Frequently Asked Questions (FAQs)
What are some common mistakes new managers make?
New managers often struggle with delegating tasks, providing clear feedback, and balancing their own workload with their team’s needs. Making mistakes is normal, the key is to learn from them.
Bad managers don’t ask for help. Remember, asking for guidance isn’t a sign of weakness; it’s a sign of strength and a commitment to growth.
How can I build a strong team environment?
Encourage open communication, foster collaboration, and recognize individual contributions. Create a safe space where team members feel comfortable sharing ideas and taking risks. Celebrate both individual and team successes to boost morale.
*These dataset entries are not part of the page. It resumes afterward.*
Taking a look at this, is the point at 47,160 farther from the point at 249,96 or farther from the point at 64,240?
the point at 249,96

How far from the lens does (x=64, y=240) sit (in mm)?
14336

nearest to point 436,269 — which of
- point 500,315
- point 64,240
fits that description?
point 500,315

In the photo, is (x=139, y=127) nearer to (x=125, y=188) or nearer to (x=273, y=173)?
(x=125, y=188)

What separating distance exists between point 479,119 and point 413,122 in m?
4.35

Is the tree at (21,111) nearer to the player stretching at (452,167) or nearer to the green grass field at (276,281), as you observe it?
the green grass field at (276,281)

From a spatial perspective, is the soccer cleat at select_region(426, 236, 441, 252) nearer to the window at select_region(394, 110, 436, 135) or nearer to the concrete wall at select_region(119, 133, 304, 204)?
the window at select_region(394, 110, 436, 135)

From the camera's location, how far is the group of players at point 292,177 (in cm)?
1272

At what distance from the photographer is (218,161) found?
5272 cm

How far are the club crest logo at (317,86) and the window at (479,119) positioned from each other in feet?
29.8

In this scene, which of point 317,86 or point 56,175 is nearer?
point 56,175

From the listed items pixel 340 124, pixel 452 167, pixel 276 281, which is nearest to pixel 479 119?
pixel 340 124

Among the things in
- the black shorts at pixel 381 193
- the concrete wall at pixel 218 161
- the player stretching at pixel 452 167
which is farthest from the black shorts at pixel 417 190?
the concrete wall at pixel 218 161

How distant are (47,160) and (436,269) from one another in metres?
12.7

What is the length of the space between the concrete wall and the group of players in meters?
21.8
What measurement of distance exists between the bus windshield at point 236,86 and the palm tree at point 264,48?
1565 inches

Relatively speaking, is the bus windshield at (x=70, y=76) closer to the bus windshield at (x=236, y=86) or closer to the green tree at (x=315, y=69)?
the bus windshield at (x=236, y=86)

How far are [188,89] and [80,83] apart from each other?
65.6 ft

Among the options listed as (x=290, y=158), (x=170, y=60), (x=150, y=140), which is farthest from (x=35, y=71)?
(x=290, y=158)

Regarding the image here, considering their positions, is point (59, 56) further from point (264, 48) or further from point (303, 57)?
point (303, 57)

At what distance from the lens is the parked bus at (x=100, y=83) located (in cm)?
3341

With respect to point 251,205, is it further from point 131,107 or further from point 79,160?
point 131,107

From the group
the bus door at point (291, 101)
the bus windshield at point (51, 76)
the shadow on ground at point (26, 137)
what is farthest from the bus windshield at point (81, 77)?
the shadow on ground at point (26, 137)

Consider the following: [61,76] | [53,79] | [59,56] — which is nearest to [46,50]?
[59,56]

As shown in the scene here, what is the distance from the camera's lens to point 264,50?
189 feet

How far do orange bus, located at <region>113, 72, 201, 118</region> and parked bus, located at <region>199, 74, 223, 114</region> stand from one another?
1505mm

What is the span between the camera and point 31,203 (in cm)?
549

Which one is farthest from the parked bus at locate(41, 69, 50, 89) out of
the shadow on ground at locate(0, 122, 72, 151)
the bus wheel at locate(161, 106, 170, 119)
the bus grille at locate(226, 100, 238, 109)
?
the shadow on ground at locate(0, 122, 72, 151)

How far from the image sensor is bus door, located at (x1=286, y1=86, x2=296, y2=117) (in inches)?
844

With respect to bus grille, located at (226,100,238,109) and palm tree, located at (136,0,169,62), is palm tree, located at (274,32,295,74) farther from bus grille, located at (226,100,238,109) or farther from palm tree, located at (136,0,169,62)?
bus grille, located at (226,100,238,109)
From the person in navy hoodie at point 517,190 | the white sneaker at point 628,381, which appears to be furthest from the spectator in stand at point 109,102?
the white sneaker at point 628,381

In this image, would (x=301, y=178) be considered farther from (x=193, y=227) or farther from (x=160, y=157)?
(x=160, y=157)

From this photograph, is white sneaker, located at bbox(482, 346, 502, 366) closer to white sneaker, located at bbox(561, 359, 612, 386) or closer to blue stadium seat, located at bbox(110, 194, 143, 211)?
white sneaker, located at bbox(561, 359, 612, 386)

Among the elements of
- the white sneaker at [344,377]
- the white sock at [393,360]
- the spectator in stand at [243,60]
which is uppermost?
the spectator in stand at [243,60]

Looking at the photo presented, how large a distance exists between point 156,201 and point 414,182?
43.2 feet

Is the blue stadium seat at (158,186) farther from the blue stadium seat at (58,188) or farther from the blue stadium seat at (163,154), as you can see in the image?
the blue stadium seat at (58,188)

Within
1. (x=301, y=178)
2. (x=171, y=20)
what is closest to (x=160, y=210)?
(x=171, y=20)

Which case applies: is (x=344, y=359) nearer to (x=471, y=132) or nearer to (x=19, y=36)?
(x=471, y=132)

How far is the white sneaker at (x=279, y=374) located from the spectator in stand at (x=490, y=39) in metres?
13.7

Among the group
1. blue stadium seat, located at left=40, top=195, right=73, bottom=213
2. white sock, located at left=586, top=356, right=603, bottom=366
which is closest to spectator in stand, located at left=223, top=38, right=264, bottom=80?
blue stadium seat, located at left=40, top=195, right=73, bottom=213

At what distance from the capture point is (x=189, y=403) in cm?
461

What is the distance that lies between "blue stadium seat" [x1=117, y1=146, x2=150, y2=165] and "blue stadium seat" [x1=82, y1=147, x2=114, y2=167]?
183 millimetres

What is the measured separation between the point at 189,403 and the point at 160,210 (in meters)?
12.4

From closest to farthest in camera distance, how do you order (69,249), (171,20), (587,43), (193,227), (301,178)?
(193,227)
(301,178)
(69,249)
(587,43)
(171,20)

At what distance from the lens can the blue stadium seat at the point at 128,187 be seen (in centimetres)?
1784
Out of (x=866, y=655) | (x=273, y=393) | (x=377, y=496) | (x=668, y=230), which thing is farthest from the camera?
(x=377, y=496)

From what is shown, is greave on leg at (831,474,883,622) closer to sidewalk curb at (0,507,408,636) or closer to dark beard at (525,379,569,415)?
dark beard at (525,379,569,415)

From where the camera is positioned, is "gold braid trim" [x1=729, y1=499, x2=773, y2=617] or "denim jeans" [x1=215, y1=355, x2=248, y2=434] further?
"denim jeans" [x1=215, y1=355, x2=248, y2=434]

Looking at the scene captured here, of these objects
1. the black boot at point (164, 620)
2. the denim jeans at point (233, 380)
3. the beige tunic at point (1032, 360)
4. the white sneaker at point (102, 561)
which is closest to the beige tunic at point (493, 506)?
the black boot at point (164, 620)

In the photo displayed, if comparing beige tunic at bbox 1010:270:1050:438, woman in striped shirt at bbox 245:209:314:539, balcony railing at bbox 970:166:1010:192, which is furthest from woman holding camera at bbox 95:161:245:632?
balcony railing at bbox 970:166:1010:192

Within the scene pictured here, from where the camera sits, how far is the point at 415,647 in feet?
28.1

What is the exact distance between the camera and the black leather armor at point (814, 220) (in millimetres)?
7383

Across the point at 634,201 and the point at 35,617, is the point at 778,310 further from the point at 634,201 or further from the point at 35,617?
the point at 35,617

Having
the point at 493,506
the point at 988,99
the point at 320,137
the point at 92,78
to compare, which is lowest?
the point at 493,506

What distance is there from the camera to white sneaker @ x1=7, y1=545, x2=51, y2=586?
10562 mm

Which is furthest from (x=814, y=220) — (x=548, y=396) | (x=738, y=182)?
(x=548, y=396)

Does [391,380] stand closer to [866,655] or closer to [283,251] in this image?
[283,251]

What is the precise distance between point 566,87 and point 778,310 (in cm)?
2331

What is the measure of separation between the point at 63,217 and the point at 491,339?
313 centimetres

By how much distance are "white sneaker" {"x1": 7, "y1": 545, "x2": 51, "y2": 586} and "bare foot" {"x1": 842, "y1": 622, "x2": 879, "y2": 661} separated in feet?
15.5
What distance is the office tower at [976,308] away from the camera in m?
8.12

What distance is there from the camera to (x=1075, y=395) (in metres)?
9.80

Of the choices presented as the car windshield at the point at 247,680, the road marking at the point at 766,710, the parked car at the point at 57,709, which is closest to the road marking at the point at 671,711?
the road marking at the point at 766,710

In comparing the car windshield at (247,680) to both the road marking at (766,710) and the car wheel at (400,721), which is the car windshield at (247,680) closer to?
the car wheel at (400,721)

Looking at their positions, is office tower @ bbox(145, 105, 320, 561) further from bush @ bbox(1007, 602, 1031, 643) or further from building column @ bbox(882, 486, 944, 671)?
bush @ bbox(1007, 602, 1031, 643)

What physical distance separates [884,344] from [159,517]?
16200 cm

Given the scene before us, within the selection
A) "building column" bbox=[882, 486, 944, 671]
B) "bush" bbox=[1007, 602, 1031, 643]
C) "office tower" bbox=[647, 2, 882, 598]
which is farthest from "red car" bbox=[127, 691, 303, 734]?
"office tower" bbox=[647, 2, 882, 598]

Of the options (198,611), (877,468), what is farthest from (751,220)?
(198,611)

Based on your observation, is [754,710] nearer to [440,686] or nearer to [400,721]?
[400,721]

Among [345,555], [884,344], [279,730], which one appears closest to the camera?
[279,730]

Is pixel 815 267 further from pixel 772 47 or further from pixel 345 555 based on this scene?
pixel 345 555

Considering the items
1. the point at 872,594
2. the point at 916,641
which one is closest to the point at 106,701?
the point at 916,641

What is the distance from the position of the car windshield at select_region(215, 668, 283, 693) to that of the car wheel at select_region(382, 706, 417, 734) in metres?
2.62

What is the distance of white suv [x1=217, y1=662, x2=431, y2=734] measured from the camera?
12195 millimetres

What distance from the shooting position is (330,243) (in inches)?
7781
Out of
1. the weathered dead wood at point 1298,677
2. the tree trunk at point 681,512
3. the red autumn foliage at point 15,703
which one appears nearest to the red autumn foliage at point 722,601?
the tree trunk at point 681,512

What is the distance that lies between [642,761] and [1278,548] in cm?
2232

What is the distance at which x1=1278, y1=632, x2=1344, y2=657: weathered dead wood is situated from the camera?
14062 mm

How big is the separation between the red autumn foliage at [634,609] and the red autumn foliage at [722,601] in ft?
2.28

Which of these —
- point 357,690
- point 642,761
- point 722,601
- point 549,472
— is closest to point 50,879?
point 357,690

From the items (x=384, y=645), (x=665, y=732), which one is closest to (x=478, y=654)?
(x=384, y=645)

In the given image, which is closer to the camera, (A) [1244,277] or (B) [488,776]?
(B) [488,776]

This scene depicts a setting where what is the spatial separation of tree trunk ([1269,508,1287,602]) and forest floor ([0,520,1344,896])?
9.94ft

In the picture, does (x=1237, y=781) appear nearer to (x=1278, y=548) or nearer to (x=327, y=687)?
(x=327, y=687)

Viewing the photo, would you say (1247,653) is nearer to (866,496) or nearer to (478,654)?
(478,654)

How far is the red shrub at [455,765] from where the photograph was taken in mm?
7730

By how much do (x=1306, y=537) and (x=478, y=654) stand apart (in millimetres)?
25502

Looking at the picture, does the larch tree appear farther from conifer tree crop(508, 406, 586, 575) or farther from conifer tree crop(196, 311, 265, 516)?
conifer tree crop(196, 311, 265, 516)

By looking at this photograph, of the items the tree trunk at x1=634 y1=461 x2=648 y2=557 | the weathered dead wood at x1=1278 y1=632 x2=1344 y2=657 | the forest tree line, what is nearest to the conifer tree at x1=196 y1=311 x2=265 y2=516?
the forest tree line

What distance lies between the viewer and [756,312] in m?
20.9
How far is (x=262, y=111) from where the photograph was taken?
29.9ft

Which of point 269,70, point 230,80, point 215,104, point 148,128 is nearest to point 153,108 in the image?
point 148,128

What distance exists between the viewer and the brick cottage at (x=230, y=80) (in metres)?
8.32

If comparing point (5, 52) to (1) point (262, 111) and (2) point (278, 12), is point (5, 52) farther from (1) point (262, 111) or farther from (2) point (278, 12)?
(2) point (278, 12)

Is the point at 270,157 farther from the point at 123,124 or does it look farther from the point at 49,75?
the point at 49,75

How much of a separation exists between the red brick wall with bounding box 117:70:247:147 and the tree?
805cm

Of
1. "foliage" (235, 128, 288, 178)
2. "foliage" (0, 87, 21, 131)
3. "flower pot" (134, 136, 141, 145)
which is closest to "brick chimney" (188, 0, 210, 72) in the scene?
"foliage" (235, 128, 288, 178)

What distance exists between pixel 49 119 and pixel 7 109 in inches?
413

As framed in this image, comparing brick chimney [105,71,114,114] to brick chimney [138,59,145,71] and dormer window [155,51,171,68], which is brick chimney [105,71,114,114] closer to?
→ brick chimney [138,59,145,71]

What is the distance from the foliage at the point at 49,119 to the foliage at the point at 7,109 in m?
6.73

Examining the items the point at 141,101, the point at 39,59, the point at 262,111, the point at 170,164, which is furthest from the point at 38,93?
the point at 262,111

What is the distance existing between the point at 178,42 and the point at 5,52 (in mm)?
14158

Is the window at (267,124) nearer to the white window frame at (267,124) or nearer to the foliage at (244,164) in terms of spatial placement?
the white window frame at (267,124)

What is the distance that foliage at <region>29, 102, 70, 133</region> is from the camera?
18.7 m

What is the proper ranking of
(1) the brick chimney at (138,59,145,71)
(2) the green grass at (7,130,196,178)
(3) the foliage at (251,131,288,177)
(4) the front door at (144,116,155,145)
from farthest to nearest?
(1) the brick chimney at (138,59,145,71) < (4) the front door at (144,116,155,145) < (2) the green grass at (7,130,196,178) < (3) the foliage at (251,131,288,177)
What is the best leadership style for a new manager?
There’s no single “best” leadership style, as it depends on the team and the situation. Great leaders will explore what management style is the best for each of their direct reports.
Leadership Approach | Description | When to Use |
---|---|---|
Transformational | Inspires and motivates team members to exceed expectations | When needing innovation and to inspire others to perform their best. |
Coaching | Focuses on developing individual team member strengths | When working with team members who want to improve their own working style and improve in their roles. |
Democratic | Involves team members in decision-making | When the team works better in more of a team approach situation. |
Servant Leadership | Servant leaders focus on helping their teams | When wanting to improve employee engagement across direct reports and team members. |
However, being adaptable, supportive, and focused on your team’s needs is always a good starting point. New managers may want to read some books managing a new team for more insights.
Conclusion
Working across group settings provides opportunities for outcomes and improvements. When steps proceed thoughtfully, everyone no longer views actions at an individual lens, that instead grows larger perspectives and mutual benefits for everyone together. That truly goes further than an individual’s single contribution can grow alone.
When new manager advice supports building up other people, that has lasting affects well past when someone remains at that role. Good interpersonal skills can improve a work environment a great deal.
Hopefully, this new manager advice improves results and reduces high turnover across all parts of a business. While we didn’t directly address it, having strong emotional intelligence goes a long way. Focus on helping people reach their professional goals while reaching business outcome goals, together.